Une inflation alimentaire justifiée
La commission des Affaires économiques du Sénat a rendu le 19 juillet son rapport « relatif à l’inflation et aux négociations commerciales ». Pour elle, la hausse des prix est consécutive aux aléas climatiques et à la guerre en Ukraine. De même, donne-t-elle quitus aux agriculteurs et aux industriels qui, sur la base de la loi Egalim 2, ont construit le prix en marche avant.

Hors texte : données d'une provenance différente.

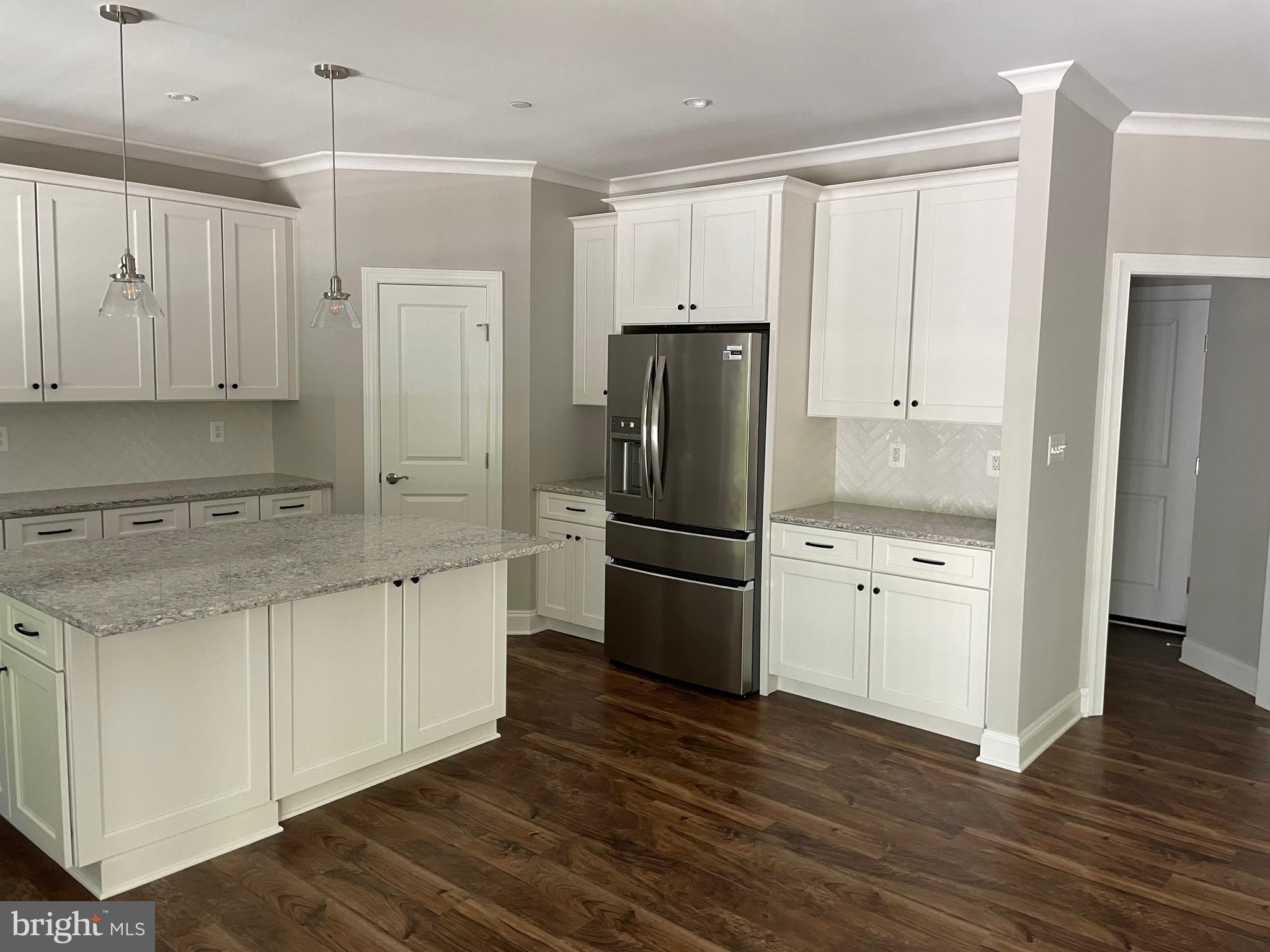 OREGON RIDGE - Residential Lease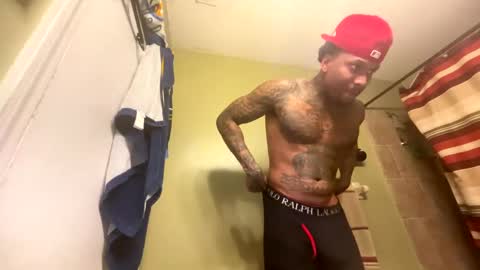 Snapshot of daddyjanimal chatting on October 20, 2025, 4:46 am sexy tatted king bbc online show from October 20, 2025, 4:46 am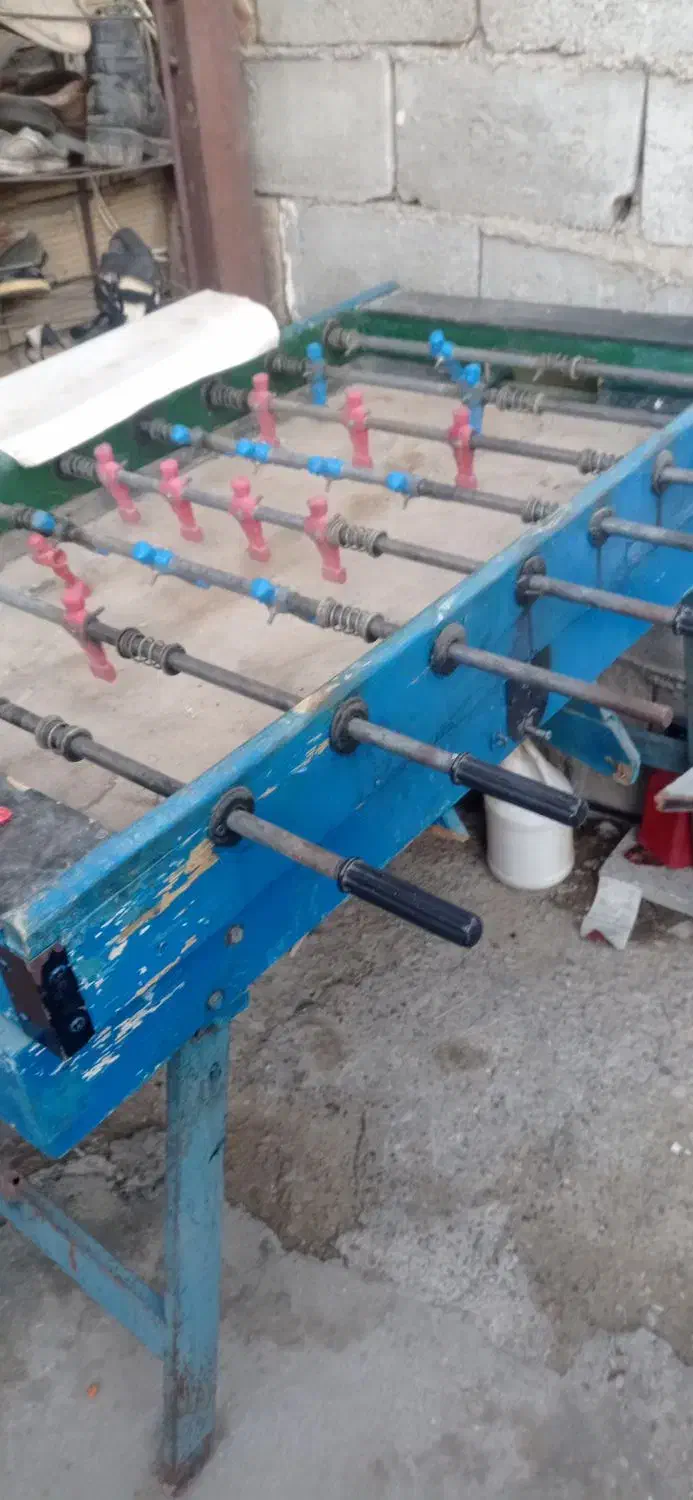 فوتبال‌دستی‌بزرگ‌پایه‌دارسالم‌به‌فروش‌میرسد|ورزش‌های توپی|الیگودرز, |دیوار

« La forte inflation observée sur les produits de grande consommation, notamment alimentaires, s’explique par plusieurs facteurs, et essentiellement par la combinaison de la reprise économique mondiale soudaine en 2021 et d’aléas climatiques extrêmes […]. La guerre en Ukraine, si elle n’a pas provoqué cette inflation, l’a en revanche renforcée et accélérée », indiquent clairement les sénateurs Daniel Grémillet (LR, Vosges) et Anne-Catherine Loisier (UDI-UC, Côte d’Or). Cette guerre expliquerait environ 30 % de l’inflation constatée. Mais pour les sénateurs, cette inflation a commencé avant le conflit russo-ukrainien. « Dès 2021, le coût des intrants (engrais, machines agricoles, alimentation du bétail, énergie, emballage, transport) supporté par les agriculteurs et les industriels a fortement augmenté » justifient-ils. En bout de chaîne, l’inflation sur les prix alimentaires a cru de 5,8 %, après neuf années de déflation, pour atteindre « un niveau inédit depuis une trentaine d’années », insistent les sénateurs. L’inflation en France « devrait encore s’accroître à la rentrée, pour ne se stabiliser qu’en fin d’année », prévoient-ils.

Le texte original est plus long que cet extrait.